In its beginning, tea was merely used in religious rituals in Buddhist monasteries. But, by the 13th century, when the Kamakura Shogunate ruled, tea was already perceived as a status symbol among the warrior class.
There were those who criticized the use of tea as a beverage, claiming that it would diminish the charm and status of the men and the beauty of women. Fortunately for us, those conceits did not go far and in the 15th century, Japan grant tea with the signature of nobility, creating a truthful aesthetic religion: The Way of Tea.
It derived from Taoism by its acceptance of the world as it is and by the Zen Buddhism for realizing that greatness can be achieved in little things and simple pleasures. We can say that Taoism fundamentals give the way of tea its aesthetical ideal and Zen put it to practice.
Japanese customs, garments, cooking, paintings, architecture and literature were influenced by the way of tea. For Japanese, tea’s philosophy can express their global conception of human and nature. By this time, tea was considered one of the pleasures of refined society and its cult was founded through the adoration of beauty in the triviality of everyday life.
The Way of Tea found its expression with the Chanoyu – Japanese tea ceremony.
“(…) The beverage grew to be an excuse for the worship of purity and refinement, a sacred function at which the host and guest joined to produce for that occasion the utmost beatitude of the mundane. The tea-room was an oasis in the dreary waste of existence where weary travelers could meet to drink from the common spring of art-appreciation (…) Not a color to disturb the tone of the room, not a sound to mar the rhythm of things, not a gesture to obtrude on the harmony, not a word to break the unity of the surroundings, all movements to be performed simply and naturally – such were the aims of the tea-ceremony (…).”
In Okakura’s words it’s easy to say that the tea ceremony has a strongly defined procedure. If you want to know more about it, click here.
Apart from the ritual of the tea ceremony, the Chanoyu was structured bearing in mind five fundamentals:
- Hanging Scroll: they play a central role in tea ceremony. Often written by famous calligraphers or Buddhist monks, they inform the guests about the theme of the tea gathering (for example: wa-kei-sei-jaku, which literally translated means ‘harmony’, ‘respect’, ‘purity’ and ‘tranquility’, the four key principles of the Way of Tea).

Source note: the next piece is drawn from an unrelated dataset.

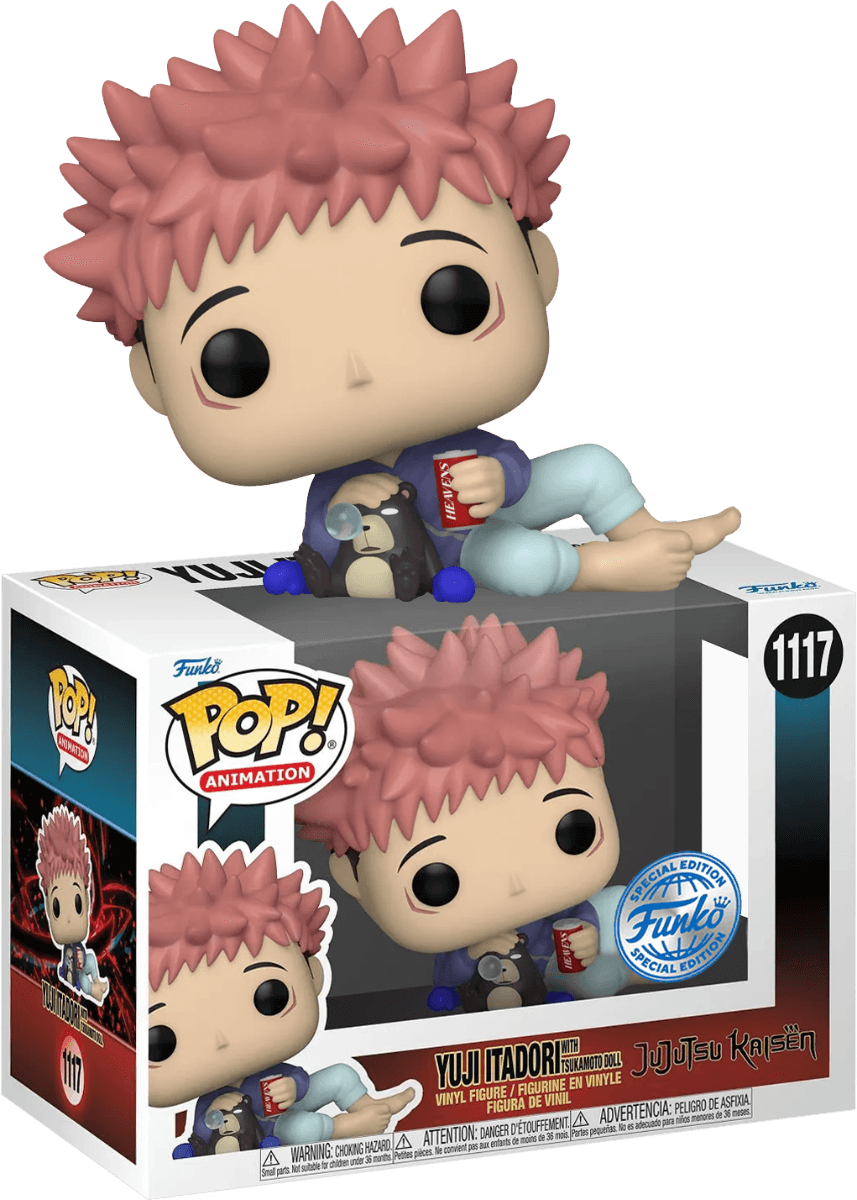 FUN62348 Jujutsu Kaisen - Itadori with Tsukamoto Doll US Exclusive Pop! Vinyl [RS] - Funko - Titan Pop Culture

- Flower arrangements: “We eat, drink, sing, dance, and flirt with them. We wed and christen with flowers. We dare not die without them.” Okakura says everything. It’s unthinkable to have a tea ceremony without the presence of flowers.

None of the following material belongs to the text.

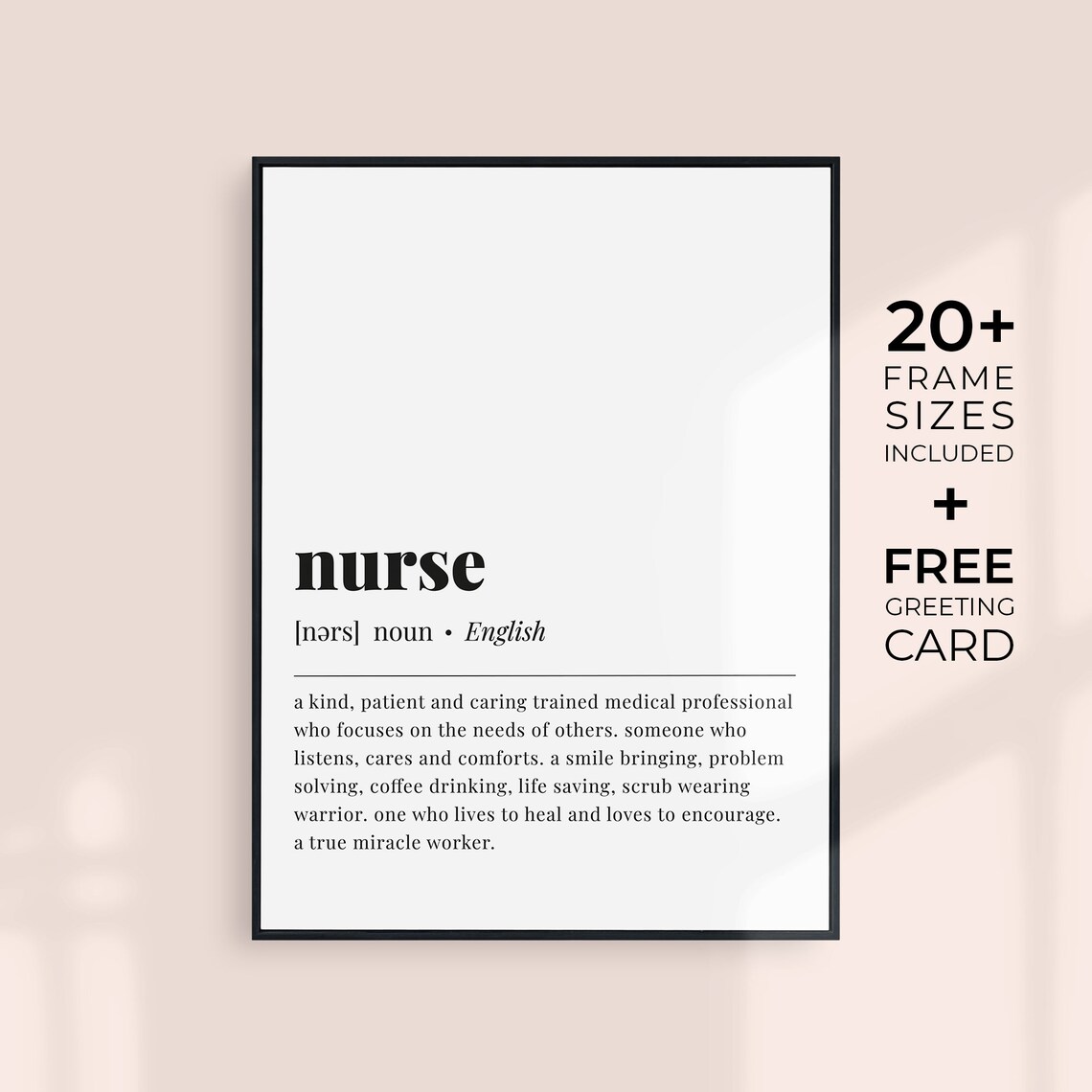 Nurse Definition Gift for Nurses Art Print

- Meal: There’s a meal served in the tea ceremony. Only fresh seasonal ingredients are used and are prepared in ways to enhance their flavor.
- Clothing: Man, and woman are dressed with the kimono, because many of the movements and components of tea ceremony require it.
- Tea Room: The use of tatami flooring is of utmost importance. When walking on a tatami it is customary to shuffle. Shuffling forces one to slow down, to maintain erect posture and walk quietly.
The tea ceremony is a much wider and complex subject matter. And, although I cannot explain all of it to you in this article, Sen no Rikyu (the one who determined the way of tea as we know nowadays) as said in few words the real essence of it: ‘The art of tea consists in nothing else but boiling water, making tea, and sipping it.’